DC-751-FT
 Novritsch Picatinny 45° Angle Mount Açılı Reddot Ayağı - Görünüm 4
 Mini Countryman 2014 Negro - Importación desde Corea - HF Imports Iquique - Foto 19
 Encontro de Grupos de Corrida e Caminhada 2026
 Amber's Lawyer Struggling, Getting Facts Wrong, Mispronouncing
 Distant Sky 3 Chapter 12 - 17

━━━━

Output only the lines from the one containing "Mini Countryman 2014" through the end of the material, please, exactly as they appear.

 Mini Countryman 2014 Negro - Importación desde Corea - HF Imports Iquique - Foto 19
 Encontro de Grupos de Corrida e Caminhada 2026
 Amber's Lawyer Struggling, Getting Facts Wrong, Mispronouncing
 Distant Sky 3 Chapter 12 - 17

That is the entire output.